Provided material Start Marker
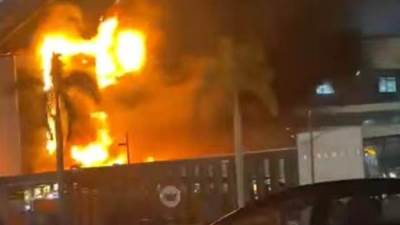 الدفع بـ 10 سيارات إطفاء للسيطرة على حريق مول التجمع الخامس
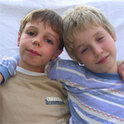 Frankie und Lars sind die besten Freunde. Als Lars ein blaues Auge hat, hilft Frankie ihm, indem er bei ihm wohnt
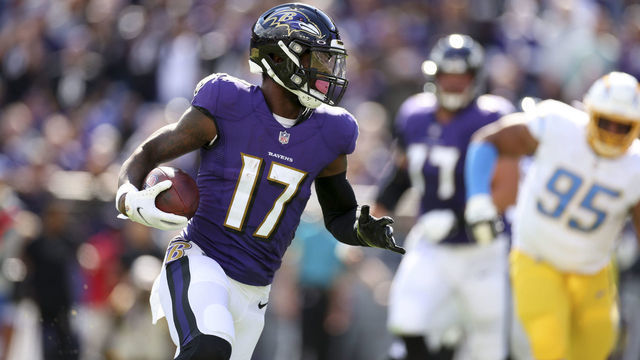Football: Baltimore Ravens Le'Veon Bell (17) in action, rushing vs Los Angeles Chargers at M&T Bank Stadium. Baltimore, MD 10/17/2021 CREDIT: Simon Bruty
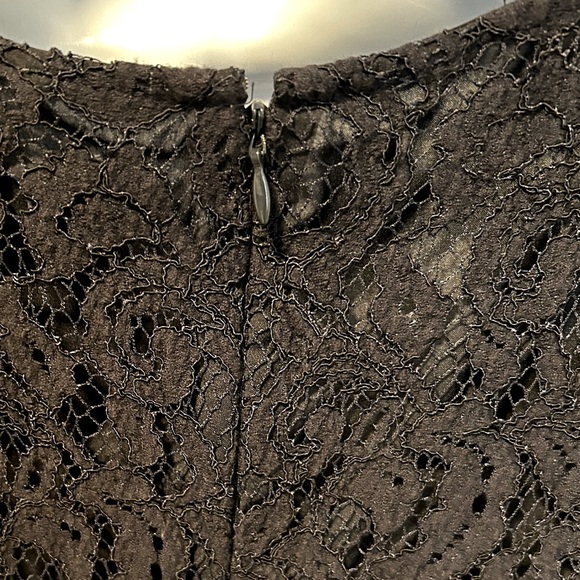 Ann Taylor Navy Blue Lace Dress Size 6 - Picture 6 of 9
Provided material End Marker
### What the task requires
Repeat all of the material above exactly, leaving out pictures.

### Written response
 الدفع بـ 10 سيارات إطفاء للسيطرة على حريق مول التجمع الخامس
 Frankie und Lars sind die besten Freunde. Als Lars ein blaues Auge hat, hilft Frankie ihm, indem er bei ihm wohnt
Football: Baltimore Ravens Le'Veon Bell (17) in action, rushing vs Los Angeles Chargers at M&T Bank Stadium. Baltimore, MD 10/17/2021 CREDIT: Simon Bruty
 Ann Taylor Navy Blue Lace Dress Size 6 - Picture 6 of 9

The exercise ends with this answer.